There are four main areas where a country can find demographic dividends:

Savings: During the demographic period, personal savings grow and can be used to stimulate the economy.

Labor supply: More workers are added to the labour force, including more women.

Human capital: With fewer births, parents are able to allocate more resources per child, leading to better educational and health outcomes.

Economic growth: GDP per capita is increased due to a decrease in the dependency ratio.

According to United Nations Population Fund (UNFPA), demographic dividend means, “the economic growth potential that can result from shifts in a population’s age structure, mainly when the share of the working-age population (15 to 64) is larger than the non-working-age share of the population (14 and younger, and 65 and older)”.

Where the world economies are struggling with declining birth rates, tight labour markets and an ageing population, India is standing at the cusp of an unprecedented opportunity—all thanks to its demographic. With the world’s largest youth population1 with the median age of 28.4 years, India is not only strengthening its competitive advantage but also setting trends in consumer and discretionary spending. India will have 1.04 billion working age persons by 2030, highest of any large economy.

So, what is a youth? As defined by the National Youth Policy, the population in the age group of 18-29 years is considered youth. India has over 371.4 million youth, as per 2021 census projections, making up for approximately 27% of the total population.

Imagine a country where half of the population is in its prime working years. Here, innovation meets ambition as the youthful workforce is poised to redefine global growth. That’s India for you.

More than four in 10 people in India are under 25 years old. For investors seeking expansion opportunities, this offers a substantial pool of potential workers across various industries, including technology, manufacturing and services.

A young population can help India’s economic growth and innovation since it represents a larger workforce with the potential for improved productivity and increased consumer demand. India’s demographics offer various advantages for investors, notably among which are:

A trained workforce boosts economic prosperity with the potential to boost economic output, innovation and productivity in the nation.

A rising young population increases demand for products and services, driving economic activity.

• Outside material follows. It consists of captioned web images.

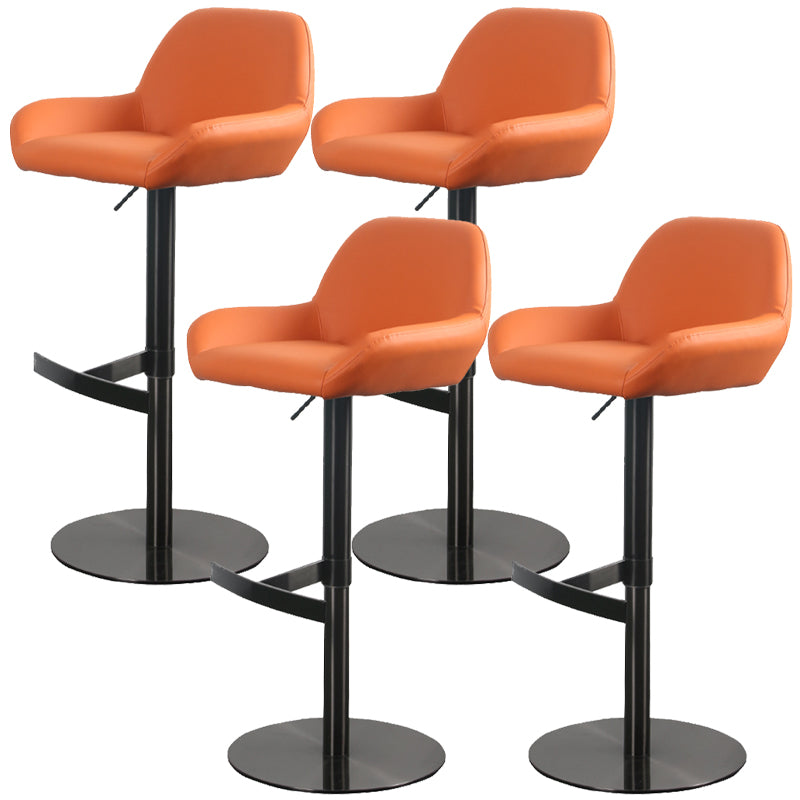 Glam Style Counter Stool Leather Adjustable Height Bar Stool with Metal Base
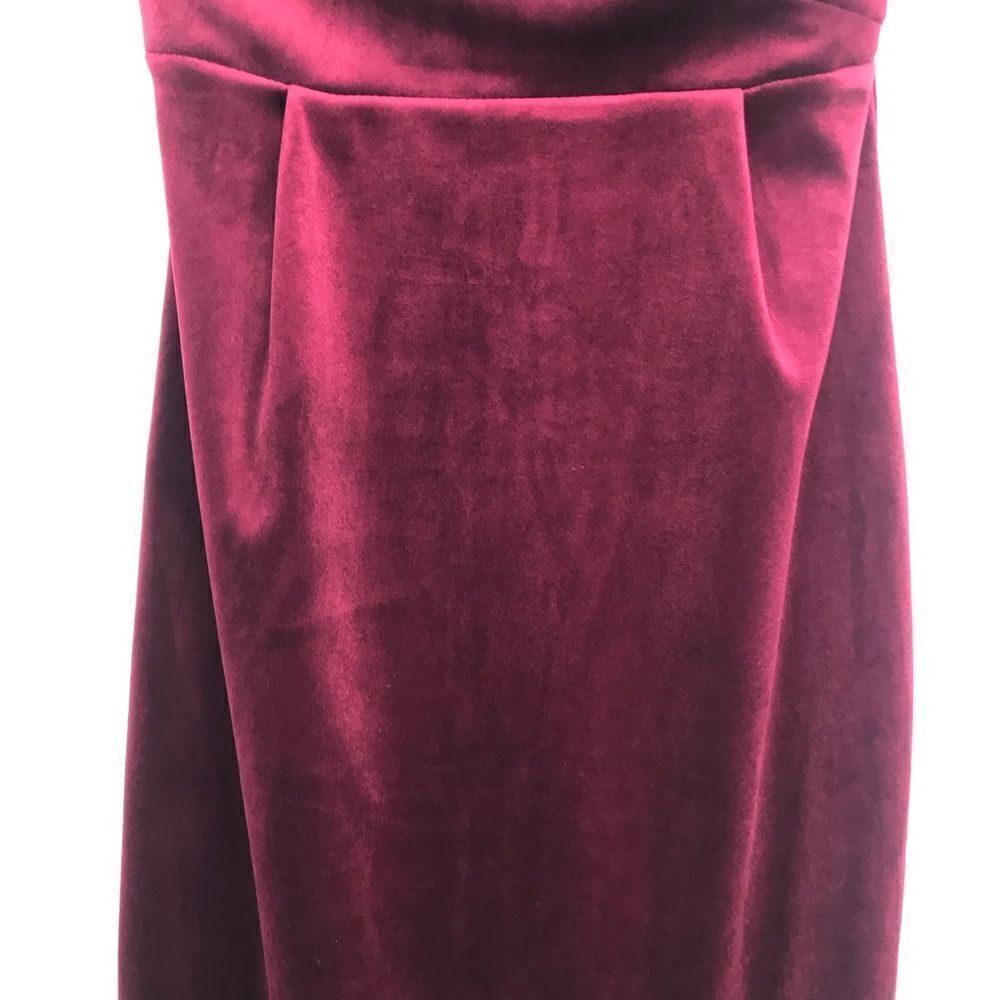 Express Wine Red Strapless Sweetheart Velour Holiday Pencil Dress - Picture 7 of 16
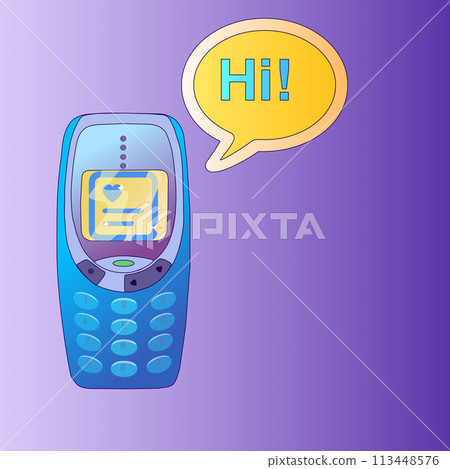 stylish glamorous phone in acid blue color. retro mobile non-touch phone with buttons. The phone display shows a chat with messages that say hi stylish glamorous phone in acid blue color. retro mobile non-touch phone with buttons. The phone display shows a chat with messages that say hi 113448576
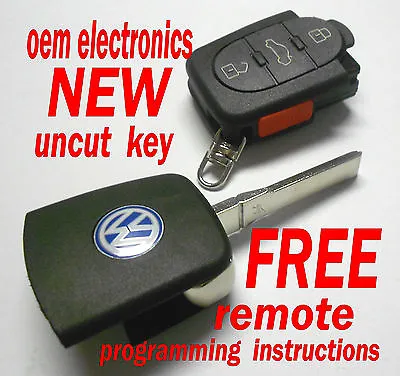 New Vw Volkswagen Keyless Remote Entry Transmitter Uncut Key Fob Hlo1j0959753f • $22.94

A young population that openly embraces technology breakthroughs and invests in digital infrastructure can help India overcome development challenges and become a global technological leader.

Investments in infrastructure, especially in metropolitan and rural areas, are crucial to tapping and promoting the potential for productivity and economic growth among the nation’s youth.

India’s booming IT and BPO services export story is a testament to its ability to capitalise on demographic advantages. It has the largest pool of English-speaking science, technology, engineering and mathematics (STEM) graduates of an estimated two million. Thereby providing a competitive edge over other regions. The nation will have nearly 18 million STEM graduates by 2027, a sign of India’s growing influence in the science and tech sector. According to the All-India Higher Education survey, women constituted 42.6% of total STEM graduates in 2021-22, which makes a compelling argument for inclusive development and gender equality. Although we have a substantial pool of female STEM graduates, it remains underutilised mainly because women either do not join the mainstream workforce or drop out early in this field. This presents an opportunity not only for the government and policymakers but also for investors to foster equitable growth.

“India still has some time to benefit from its demographic dividend for economic growth but is aging faster than many realize,” McKinsey Global Institute said in its report ‘Dependency and depopulation? Confronting the consequences of a new demographic reality’. “Despite very fast progress, India is still a low-income country, so it needs to “get rich before it gets old,” it added.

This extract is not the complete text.